Exercise description =>
Retype the listing exactly, with no images.

Source data =>
-- Opening Marker --

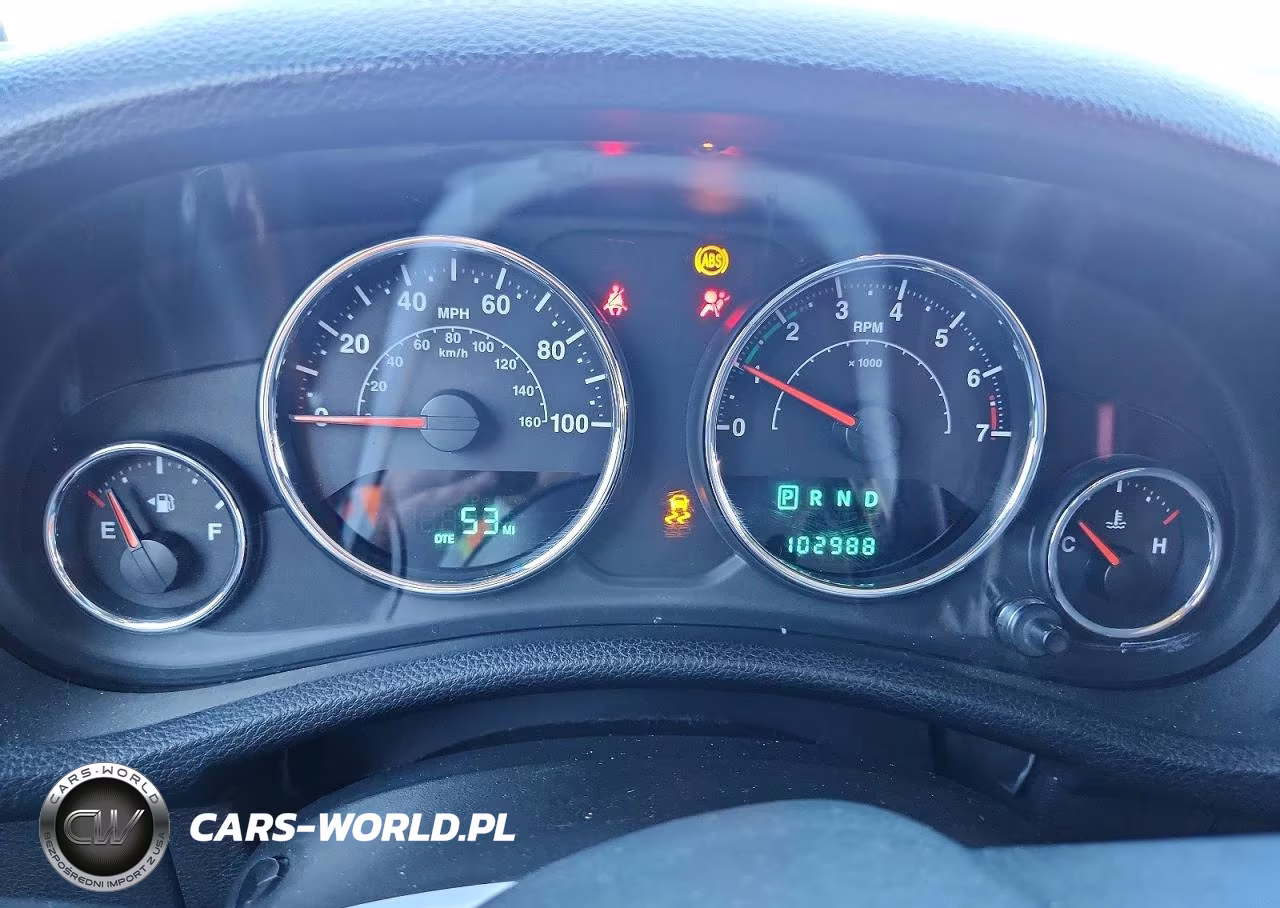 2014 Jeep Wrangler Unlimited Sport VIN:1C4BJWDG1EL296586 - 9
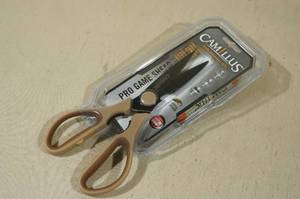 lot 42 image: Camillus Pro Game Shears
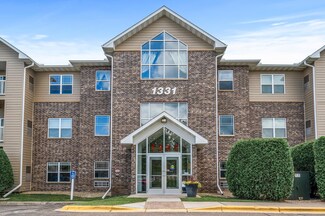 1331 Lake Dr W Unit A106, Chanhassen, MN 55317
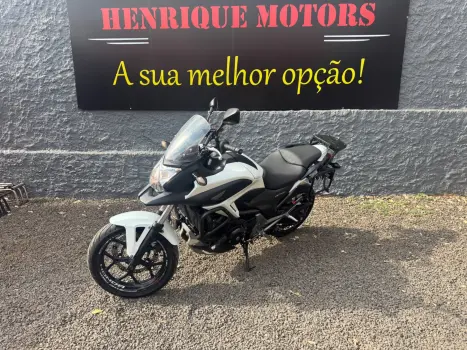 HONDA NC 750 X ABS, Foto 2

-- Closing Marker --

Response to this exercise =>
 2014 Jeep Wrangler Unlimited Sport VIN:1C4BJWDG1EL296586 - 9
 lot 42 image: Camillus Pro Game Shears
 1331 Lake Dr W Unit A106, Chanhassen, MN 55317
 HONDA NC 750 X ABS, Foto 2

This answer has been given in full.